Thrust into this mishmash is Billy Batson, first seen as a lost toddler and reintroduced as a troublemaking teen foster kid (Asher Angel). Billy, shuttled from foster home to foster home for years, is assigned to the Vasquez’s, a warm couple with five other adopted kids, all multiracial per the style of the times. The closest to Billy’s age is Freddy Freeman (Jack Dylan Grazer), a superhero-obsessed kid with a limp and a motormouth. Billy is standoffish at first, but can’t help himself from defending Freddy from bullies at school. This good deed puts him on the radar of the elderly Shazam (Djimon Hounsou), who summons Billy to his interdimensional lair and infuses him with his powers. When the teen yells out Shazam, he’s transformed into an adult (Zachary Levi) with a suit and a cape and a suite of powers that he and Freddy get to test out.
Set against this Big premise is the villain’s story, because all superhero movie protagonists and antagonists have to be funhouse mirror versions of each other. Thaddeus Sivana (Mark Strong) is also provided with a flashback to his childhood, where we see another unloved and unwanted child who was called to Shazam’s lair but not chosen. As an adult, Sivana has worked tirelessly to get back to those few minutes he spent in Shazam’s lair as a child. He finally succeeds and defeats Shazam, taking the vessel containing the deadly sins and using them as a twisted version of Shazam’s powers. When Billy emerges as Shazam’s chosen vessel, Sivana seeks him out as the final piece of his plan, believing that if he can take Shazam’s powers alongside the power of the sins, he’ll be unstoppable.

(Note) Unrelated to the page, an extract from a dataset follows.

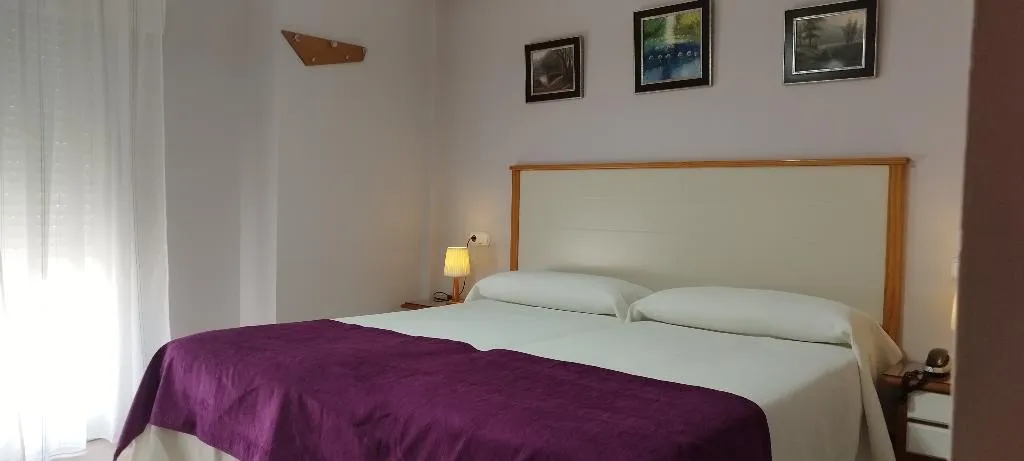 DOUBLE SINGLE USE STANDARD Room, Hotel Miraya, Costa Del Sol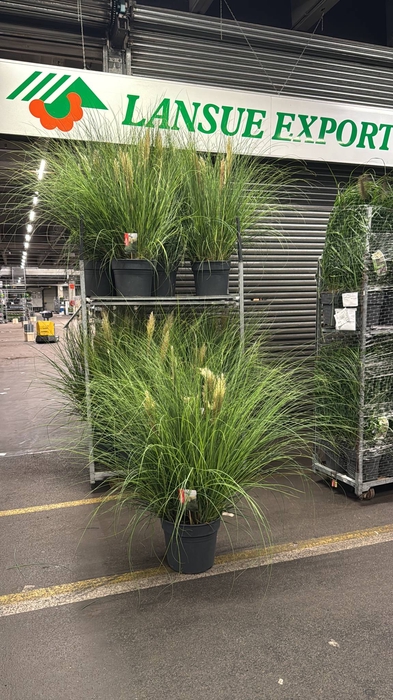 <h4>CORTADERIA SEL. PUMILA P40</h4>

The world of Billy Batson, of an indestructible man-child and his gleeful teen sidekick, is intercut with the brutal vision of Sivana, and there hasn’t been such a disparate approach in tone since Three Men and a Baby climaxed with a drug deal at an abandoned construction site. Here’s a silly scene of pratfalls and one-liners as Billy and Freddy try to buy beer. Here’s a vicious defenestration of Sivana’s own brother followed by the sins, who manifest as demons, biting the heads off a corporate board, as visualized, per Kill Bill Vol 2, of feet flailing in panic and feet not flailing in panic. The basic premise of Shazam is inherent to every child who can imagine a grown-up future, and therefore makes this theoretically appropriate for a PG-rated family film. Sandberg, with his roots in horror and likely prodded by Warner Brothers to appeal to a teen audience, goes darker with violence that pushes the boundary of a PG-13 rating. The script also incorporates emotionally heavy elements regarding Billy’s past, and the two approaches are simply incompatible. If Marvel has figured out a happy medium between pathos and frivolity, Shazam aims for the opposite poles of that slider at the same time, and doesn’t come close to knocking down their self-imposed 7-10 split.

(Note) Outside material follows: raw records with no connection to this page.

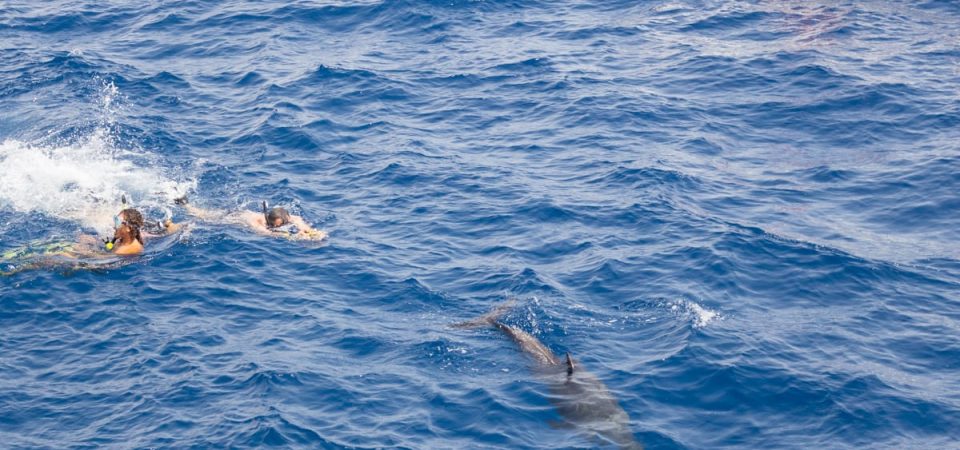 Dolphin House Hurghada snorkeling dolphins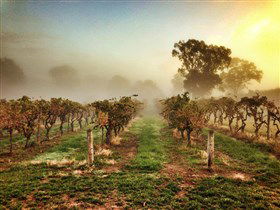 Lambert Estate Wines - Accommodation Nelson Bay 1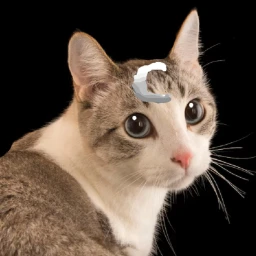 Cats Nextbots icon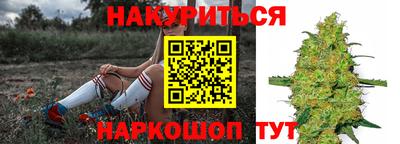 каннабис Камышлов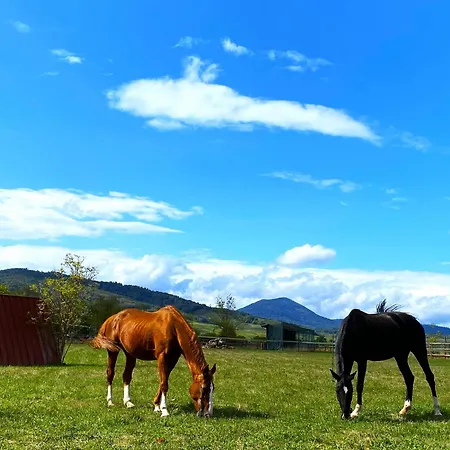 L'etoile Du Vignoble Au Coeur D'un Ranch Alsacien Sur La Route Des Vins Apartment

If Shazam is two movies clumsily spliced together, then there’s some pleasure to be derived from disconnected pieces. In his two incarnations, the character of Billy Batson stays consistent. Angel isn’t playing him as a world-weary adult in a kid’s body, but as a prickly kid with a waning but present capacity to connect to his childish enthusiasm, and Levi takes that and runs with it. Levi convincingly reverts back to adolescence in a funny and charming performance. Both actors bounce well off of Grazer, a smart alecky type whose occasional jerkish behavior never shades into annoying.

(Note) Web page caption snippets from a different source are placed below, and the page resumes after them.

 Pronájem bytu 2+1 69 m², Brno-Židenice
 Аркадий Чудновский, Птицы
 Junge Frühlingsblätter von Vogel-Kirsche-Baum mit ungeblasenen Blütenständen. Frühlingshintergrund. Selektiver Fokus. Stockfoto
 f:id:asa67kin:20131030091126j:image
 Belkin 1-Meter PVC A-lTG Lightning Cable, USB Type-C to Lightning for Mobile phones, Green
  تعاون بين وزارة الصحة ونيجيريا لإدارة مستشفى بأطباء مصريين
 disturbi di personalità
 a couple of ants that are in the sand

Shazam’s best parts are characters working out their new realities, but then there’s the parts of this 132-minute film that aren’t that, namely the action in Sivana’s world. Sandberg doesn’t make his film look appreciably different from any other superhero movie, and there’s a missed opportunity with the appearance of the sins. With the exception of Gluttony, an easy one, each demon isn’t differentiated in appearance or specific powers. There’s no reason Shazam couldn’t have gone full Dante’s Inferno here, and we’re instead left with slavering gray blobs.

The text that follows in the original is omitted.